WHAT YOU ARE ASKED TO DO: Extract the lines that carry the string "Package" from the listing.

SUPPLIED ENTRIES:

-.-.-

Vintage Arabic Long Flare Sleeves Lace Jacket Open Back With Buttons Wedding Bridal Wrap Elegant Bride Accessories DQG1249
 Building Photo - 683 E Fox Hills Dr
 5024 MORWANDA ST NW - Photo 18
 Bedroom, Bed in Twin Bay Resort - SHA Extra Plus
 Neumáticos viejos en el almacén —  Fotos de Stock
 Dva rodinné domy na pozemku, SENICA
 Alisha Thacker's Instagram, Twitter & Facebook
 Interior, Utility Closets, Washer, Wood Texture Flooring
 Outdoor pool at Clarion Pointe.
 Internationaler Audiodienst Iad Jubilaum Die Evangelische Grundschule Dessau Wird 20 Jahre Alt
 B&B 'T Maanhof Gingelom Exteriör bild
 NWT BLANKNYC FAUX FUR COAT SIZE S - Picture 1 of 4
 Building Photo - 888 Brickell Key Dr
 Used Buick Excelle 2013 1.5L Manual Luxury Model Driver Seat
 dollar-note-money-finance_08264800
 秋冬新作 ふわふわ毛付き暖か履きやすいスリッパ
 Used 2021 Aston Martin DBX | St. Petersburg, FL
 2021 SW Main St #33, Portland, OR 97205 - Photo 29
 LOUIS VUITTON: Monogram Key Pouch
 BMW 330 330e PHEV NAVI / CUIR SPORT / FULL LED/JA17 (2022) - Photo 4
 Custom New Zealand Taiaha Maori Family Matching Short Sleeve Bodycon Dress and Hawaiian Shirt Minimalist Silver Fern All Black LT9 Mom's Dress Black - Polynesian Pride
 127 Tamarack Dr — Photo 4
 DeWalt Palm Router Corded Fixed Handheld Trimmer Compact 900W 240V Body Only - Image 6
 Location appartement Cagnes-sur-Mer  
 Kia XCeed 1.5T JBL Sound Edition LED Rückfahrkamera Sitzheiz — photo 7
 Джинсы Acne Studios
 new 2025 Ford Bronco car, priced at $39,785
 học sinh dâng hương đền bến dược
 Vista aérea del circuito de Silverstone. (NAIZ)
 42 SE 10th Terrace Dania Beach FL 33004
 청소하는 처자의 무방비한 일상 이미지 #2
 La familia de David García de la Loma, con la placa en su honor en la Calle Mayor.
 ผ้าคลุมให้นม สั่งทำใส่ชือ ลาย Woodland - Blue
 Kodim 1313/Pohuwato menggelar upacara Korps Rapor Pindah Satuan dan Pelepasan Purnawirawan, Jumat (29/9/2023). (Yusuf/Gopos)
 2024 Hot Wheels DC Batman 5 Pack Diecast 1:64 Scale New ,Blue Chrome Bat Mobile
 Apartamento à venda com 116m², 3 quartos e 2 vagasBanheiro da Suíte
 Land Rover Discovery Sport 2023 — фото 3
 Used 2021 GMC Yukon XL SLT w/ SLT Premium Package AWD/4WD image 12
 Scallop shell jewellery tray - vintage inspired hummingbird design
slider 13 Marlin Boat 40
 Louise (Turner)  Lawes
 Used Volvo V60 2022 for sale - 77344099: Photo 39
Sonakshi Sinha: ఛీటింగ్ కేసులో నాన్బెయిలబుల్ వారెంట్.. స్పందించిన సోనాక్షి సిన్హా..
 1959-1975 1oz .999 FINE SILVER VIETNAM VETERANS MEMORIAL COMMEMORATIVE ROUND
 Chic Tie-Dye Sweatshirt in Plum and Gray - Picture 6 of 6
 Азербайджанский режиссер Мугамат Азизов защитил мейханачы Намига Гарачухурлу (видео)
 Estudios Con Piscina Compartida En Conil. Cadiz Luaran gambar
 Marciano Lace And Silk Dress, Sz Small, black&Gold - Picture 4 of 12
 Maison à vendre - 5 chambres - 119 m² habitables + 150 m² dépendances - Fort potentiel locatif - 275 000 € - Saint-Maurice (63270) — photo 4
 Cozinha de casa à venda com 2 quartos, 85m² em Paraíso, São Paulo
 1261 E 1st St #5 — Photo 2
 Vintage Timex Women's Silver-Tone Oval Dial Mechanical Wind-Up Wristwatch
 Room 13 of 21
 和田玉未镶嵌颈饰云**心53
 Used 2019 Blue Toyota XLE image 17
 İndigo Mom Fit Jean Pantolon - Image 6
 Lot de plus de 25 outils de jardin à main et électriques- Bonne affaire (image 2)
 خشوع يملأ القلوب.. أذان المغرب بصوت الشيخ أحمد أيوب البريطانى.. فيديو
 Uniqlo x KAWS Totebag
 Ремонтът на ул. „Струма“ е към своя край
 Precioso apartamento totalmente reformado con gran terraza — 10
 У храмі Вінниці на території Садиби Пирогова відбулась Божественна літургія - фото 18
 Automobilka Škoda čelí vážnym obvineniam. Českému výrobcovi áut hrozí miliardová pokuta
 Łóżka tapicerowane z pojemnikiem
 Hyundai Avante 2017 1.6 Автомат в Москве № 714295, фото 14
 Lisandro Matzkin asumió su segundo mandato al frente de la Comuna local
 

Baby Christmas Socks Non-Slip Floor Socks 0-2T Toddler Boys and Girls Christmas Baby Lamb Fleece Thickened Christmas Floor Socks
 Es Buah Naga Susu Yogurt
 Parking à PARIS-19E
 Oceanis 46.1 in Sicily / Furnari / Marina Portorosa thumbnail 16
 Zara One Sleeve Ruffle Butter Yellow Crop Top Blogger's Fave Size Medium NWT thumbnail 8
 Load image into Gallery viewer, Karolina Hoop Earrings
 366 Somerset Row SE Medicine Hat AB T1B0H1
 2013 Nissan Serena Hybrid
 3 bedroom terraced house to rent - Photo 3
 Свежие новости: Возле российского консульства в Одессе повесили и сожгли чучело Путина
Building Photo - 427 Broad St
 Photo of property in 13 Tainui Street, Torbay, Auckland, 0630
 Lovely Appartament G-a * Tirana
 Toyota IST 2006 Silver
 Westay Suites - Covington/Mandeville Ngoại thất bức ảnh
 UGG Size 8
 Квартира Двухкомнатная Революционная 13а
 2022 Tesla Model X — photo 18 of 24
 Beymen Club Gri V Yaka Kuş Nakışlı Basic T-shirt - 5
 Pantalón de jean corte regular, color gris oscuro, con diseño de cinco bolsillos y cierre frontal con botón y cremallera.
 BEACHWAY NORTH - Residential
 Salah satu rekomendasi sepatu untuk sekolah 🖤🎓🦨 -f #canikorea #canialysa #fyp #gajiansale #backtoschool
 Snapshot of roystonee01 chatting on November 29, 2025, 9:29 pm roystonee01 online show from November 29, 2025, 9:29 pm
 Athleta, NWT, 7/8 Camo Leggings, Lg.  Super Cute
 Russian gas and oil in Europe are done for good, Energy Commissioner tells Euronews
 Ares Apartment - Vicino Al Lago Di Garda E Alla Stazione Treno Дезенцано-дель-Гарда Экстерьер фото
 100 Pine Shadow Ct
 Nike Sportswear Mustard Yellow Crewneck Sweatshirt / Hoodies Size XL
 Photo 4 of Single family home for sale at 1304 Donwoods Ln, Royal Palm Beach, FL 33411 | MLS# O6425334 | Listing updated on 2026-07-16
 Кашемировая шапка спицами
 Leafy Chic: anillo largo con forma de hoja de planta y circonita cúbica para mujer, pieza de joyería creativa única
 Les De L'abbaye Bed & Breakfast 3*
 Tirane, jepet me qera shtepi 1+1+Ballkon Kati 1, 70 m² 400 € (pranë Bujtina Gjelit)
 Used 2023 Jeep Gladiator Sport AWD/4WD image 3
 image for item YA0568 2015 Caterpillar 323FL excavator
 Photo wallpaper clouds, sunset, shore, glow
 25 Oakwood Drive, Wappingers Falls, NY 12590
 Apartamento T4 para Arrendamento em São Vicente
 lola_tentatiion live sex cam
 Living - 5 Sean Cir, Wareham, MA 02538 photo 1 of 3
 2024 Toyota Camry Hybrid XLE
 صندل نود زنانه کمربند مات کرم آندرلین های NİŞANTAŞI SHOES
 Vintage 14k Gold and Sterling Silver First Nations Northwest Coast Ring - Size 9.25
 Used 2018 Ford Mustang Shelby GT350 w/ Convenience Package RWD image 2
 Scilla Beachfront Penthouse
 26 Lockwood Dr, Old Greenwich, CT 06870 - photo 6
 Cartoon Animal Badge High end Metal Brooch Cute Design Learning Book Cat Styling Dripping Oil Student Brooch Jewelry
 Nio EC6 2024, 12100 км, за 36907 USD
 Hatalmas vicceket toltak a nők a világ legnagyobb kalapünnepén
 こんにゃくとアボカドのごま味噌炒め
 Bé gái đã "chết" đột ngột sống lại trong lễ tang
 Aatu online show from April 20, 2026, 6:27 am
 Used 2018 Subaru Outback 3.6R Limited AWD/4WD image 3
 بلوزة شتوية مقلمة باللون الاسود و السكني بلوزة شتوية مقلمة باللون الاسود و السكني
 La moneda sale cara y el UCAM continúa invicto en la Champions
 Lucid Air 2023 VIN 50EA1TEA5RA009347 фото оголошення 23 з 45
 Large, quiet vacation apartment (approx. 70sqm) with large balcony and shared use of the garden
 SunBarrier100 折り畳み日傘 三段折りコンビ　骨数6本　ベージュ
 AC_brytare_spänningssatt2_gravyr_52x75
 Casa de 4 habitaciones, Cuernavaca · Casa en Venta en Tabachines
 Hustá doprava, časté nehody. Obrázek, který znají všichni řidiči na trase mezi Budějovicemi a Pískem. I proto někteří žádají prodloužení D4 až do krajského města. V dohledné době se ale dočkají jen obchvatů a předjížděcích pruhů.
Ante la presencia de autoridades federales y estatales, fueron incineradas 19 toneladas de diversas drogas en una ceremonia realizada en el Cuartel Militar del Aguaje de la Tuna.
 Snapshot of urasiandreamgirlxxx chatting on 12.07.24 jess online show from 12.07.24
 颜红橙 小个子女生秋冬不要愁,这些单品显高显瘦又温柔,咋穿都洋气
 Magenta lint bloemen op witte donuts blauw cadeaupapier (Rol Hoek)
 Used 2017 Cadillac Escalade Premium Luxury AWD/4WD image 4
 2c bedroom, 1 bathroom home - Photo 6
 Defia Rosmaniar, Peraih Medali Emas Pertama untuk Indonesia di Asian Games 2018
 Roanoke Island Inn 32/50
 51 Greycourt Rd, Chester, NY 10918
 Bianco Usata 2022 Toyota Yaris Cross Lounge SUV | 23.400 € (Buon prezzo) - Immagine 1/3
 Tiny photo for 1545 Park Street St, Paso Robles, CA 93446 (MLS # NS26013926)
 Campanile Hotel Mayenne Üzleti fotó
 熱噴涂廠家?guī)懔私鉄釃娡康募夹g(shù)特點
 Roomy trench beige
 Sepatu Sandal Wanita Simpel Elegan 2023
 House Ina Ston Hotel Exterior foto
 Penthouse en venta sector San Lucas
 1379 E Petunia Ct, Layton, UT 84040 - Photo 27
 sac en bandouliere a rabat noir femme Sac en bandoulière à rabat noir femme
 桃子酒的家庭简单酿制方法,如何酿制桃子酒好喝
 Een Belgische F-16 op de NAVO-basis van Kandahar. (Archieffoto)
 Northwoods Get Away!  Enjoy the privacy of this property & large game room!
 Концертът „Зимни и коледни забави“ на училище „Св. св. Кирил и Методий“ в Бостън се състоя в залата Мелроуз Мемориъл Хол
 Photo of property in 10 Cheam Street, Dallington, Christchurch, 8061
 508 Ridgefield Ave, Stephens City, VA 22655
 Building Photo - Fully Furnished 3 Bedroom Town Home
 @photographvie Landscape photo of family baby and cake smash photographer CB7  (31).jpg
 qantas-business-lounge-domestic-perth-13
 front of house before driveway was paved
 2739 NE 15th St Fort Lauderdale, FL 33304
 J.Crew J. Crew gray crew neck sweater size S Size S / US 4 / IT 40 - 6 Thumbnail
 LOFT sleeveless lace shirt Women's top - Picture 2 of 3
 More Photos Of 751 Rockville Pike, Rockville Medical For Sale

-.-.-

EXERCISE SOLUTION:
 Used 2021 GMC Yukon XL SLT w/ SLT Premium Package AWD/4WD image 12
 Used 2018 Ford Mustang Shelby GT350 w/ Convenience Package RWD image 2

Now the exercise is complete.